2. The centrifugal pump of claim 1, further comprising a first impeller rotating with a shaft of the centrifugal pump inside the first diffuser, and a second impeller rotating with the shaft of the centrifugal pump inside the second diffuser.

3. The centrifugal pump of claim 1, wherein the coupling ring interlocks the first diffuser and the second diffuser against rotation.

4. The centrifugal pump of claim 1, wherein the coupling ring is configured to prevent

rotation of the first diffuser with respect to the second diffuser.

5. The centrifugal pump of claim 1, wherein a radially extending portion of each projection of the coupling ring abuts a wall of the one of the male register tabs on a first side of the radially extending portion, and abuts a wall of the one of the female register slots on a second side of the radially extending portion.

6. The centrifugal pump of claim 1, wherein the each projection comprises an arch, and an intrados of the arch surrounds the male register tab of the first diffuser, and an extrados of the arch is flush with and follows an outer diameter of the first diffuser.

7. The centrifugal pump of claim 1, wherein the coupling ring seats around a circumference of a rim of one of the first diffuser or the second diffuser.

8. The centrifugal pump of claim 1, wherein the at least two diffusers are compressed in a stack.

9. The centrifugal pump of claim 1, wherein there are two male register tabs in the plurality of male register tabs spaced 180° apart, two female register slots in the plurality of female register slots and two protrusions in the plurality of protrusions.

10. The centrifugal pump of claim 1, wherein each male register tab is axially aligned with a female register slot.

11. A diffuser anti-rotation system comprising a circumferential coupling ring interlocked between a top of a first diffuser and a bottom of an adjacent diffuser.

12. The diffuser anti-rotation system of claim 11, wherein the top of the first diffuser

comprises at least one male register tab, the bottom of the adjacent diffuser has at least one female register slot, and the coupling ring interlocks with the at least one male register tab and the at least one female register slot.

13. The diffuser anti-rotation system of claim 12, wherein one of the at least one male register tabs and one of the at least one female register slots are aligned axially and one projection from the coupling ring interlocks with both the one of the at least one male register tabs and the axially aligned one of the at least one female register slots.

14. The diffuser anti-rotation system of claim 13, wherein the one projection mates around the one of the at least one male register tabs and inside the one of the at least one female register slots.

15. The diffuser anti-rotation system of claim 11, further comprising a first impeller mated with and rotating within the first diffuser, and a second impeller mated with and rotating within the adjacent diffuser.
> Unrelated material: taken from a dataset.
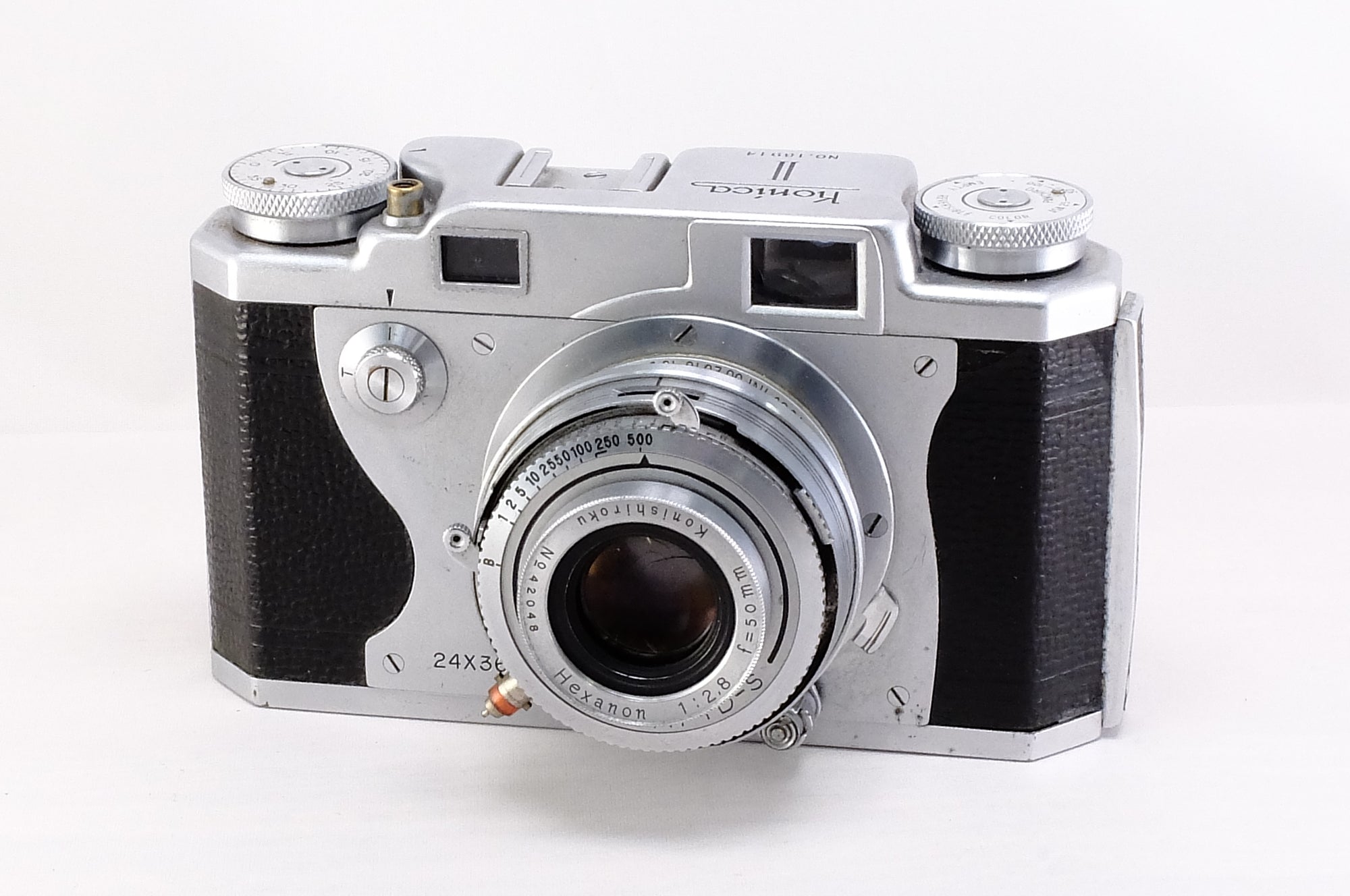 【Konica】 II (ft表記) [1512345865716] | 東京CAMERA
16. The diffuser anti rotation system of claim 15, wherein the interlocked coupling ring is configured to prevent rotation of the first diffuser with respect to the adjacent diffuser.

17. The diffuser anti-rotation system of claim 15, wherein the diffusers with mated impellers form a multi-stage centrifugal pump.

18. The diffuser anti-rotations system of claim 11, comprising a plurality of first diffusers and a plurality of adjacent diffusers forming a diffuser stack compressed by a centralizer bearing.

19. The diffuser anti-rotation system of claim 11, wherein the bottom of the first diffuser comprises at least one male register tab, the top of the adjacent diffuser has at least one female register slot, and the coupling ring interlocks with the at least one male register tab and the at least one female register slot.